See here http://antumbrastation.com/schroedinger-chess/2017/11/28/introduction-to-haft-schroedinger-chess.html

The nature of the major pieces is unknown at first, and is determined by the moves they make.

The goal is, for a given series of moves, to check whether there exists an initial choice of piece natures so that:

  1. There is no more than 1 king, 1 queen, 2 rooks, 2 bishops, 2 knights in each color

  2. Every move played is consistent with these piece natures

  3. No move played by a given color left their king in check

Forgotten chess rules

We discard the following rules:

  • castling

  • en passant

Mathematical model

Nomenclature

  • \(s \in \mathcal{S} = [1, 64]\): square of the chess board

  • \(c \in \mathcal{C} = {0, 1}\): color

  • \(i \in \mathcal{I} = [1, 16]\): index of a piece for a given color. Belongs to \(\mathcal{J} = [1, 8]\) for the major pieces depending on their initial position on the first row, and to \(\mathcal{K} = [9, 16]\) for the pawns.

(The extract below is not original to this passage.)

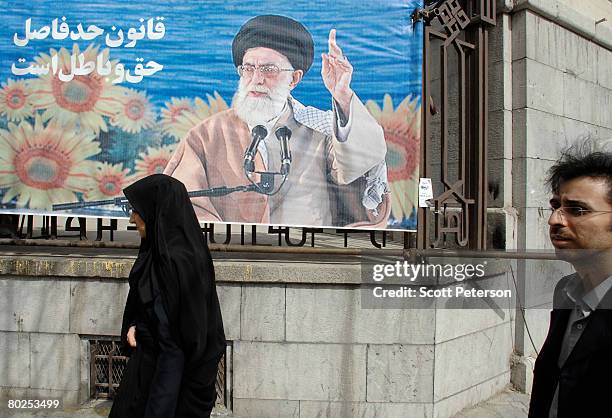 Man and woman walk past a banner of supreme leader Ayatollah Sayed Ali Khamenei as Iranians vote in elections for the 8th "majlis" or parliament...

  • \(n \in \mathcal{N} = {K, Q, R, B, N}\): nature of a piece

  • \(t \in [1, T]\): time, ie. number of turns played

Variables and their relations

Chess constants

At every given time we know the color of the player that moves: let’s call it \(c_t = t [2]\).

Unknown variables

  • \(x(c, i, n) = 1\) if piece \(i\) of color \(c\) has nature \(n\)

Known variables

These variables can be calculated at any time without knowing the actual nature of the pieces.

  • \(p_t(s, c, i) = 1\) if square \(s\) of the board contains piece \(i\) of color \(c\) at time \(t\)

  • \(a_t(s, c, i, n) = 1\) if square \(s\) of the board would be threatened by piece \(i\) of color \(c\) at time \(t\), assuming its nature was \(n\)

  • \(f_T(c, i, n) = 1\) if until time \(T\), piece \((c, i)\) has performed a move forbidden for nature \(n\)

Variables deduced from x

  • \(d_t(c, s)\) is the number of pieces from color \(c\) attacking square \(s\) (number of dangers)

    $$ d_t(c, s) = \sum_i \sum_n a_{t}(s, c, i, n) \cdot x(c, i, n)$$

  • \(k_t(c, s) = 1\) if the king from color \(c\) is located on \(s\)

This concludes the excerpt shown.